Chillin' out till it needs to be funded
Morgan Stanley stayed away from yet another NASDAQ carnage in Kraft and Mondelez trades inaugurated on the exchange yesterday. While all trades that caused an almost 30% bump in Kraft to $58 were canceled by brokers, Morgan Stanley was barely luck to stay away from another broking/trading related controversy and financial penalties that catch it by the scruff of the neck when Capital has become scarce in light of the Volcker Rule’s coming implementation.

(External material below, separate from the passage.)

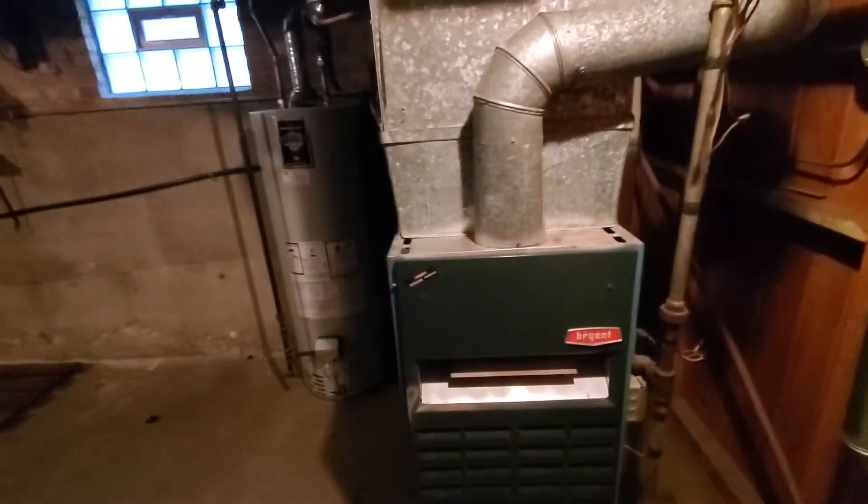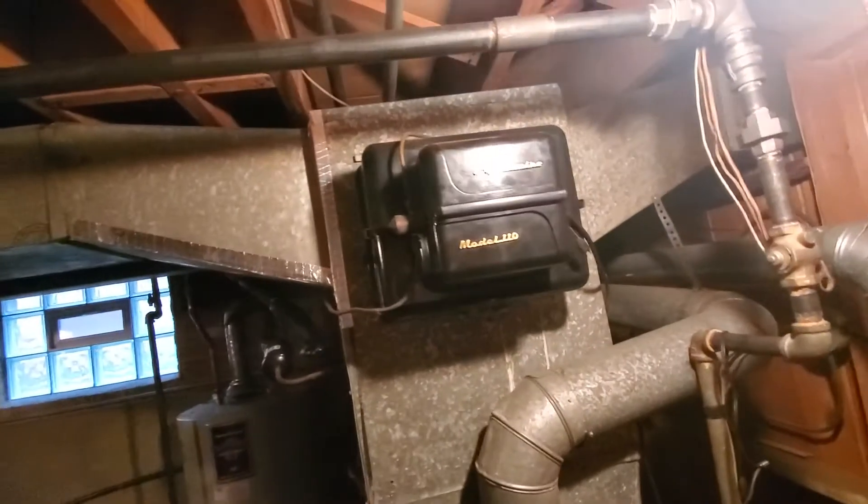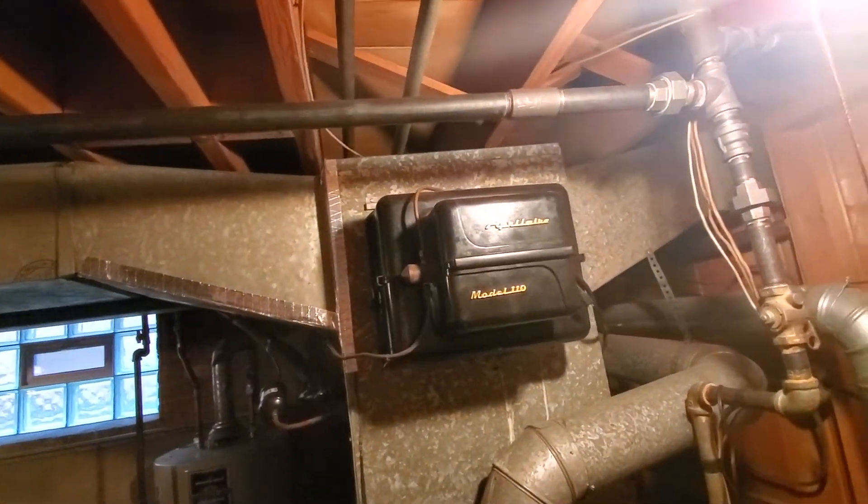Guys, we're in Chicago on Bryn Mawr. We have a 20 inch wide, 80 percenter. We're going to need another humidifier. 20 by 25 by 1 is our filter size. Return is 14 by 20.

Morgan Stanley was one of the Wall Streeters to set up a Wall Street Refinery , building up crude stocks in its trade on Oil prices and earning revenues of nearly $3 B annually from commodities. In light of its new seriousness as a bank, the traders are yet again being sold upstream to investors in Qatar even a s Commodities revenue has dwindled to barely $1 B
The Commodities Business now majority owned by QIA will be able to continue to carry principal risk on behalf of investors in commodities from Oil and Soyabean to Copper, Iron and Gold. The commodity arm also owns Pipeline operator Transmontaigne to help it run commodity linked derivatives and take agency risk for customers as Principal /Counterparty
According to the FT Report regulators could ask Morgan Stanley to start selling its warehouse holdings of commodities by November 2013 if the deal to sell the business to Qatar is not completed.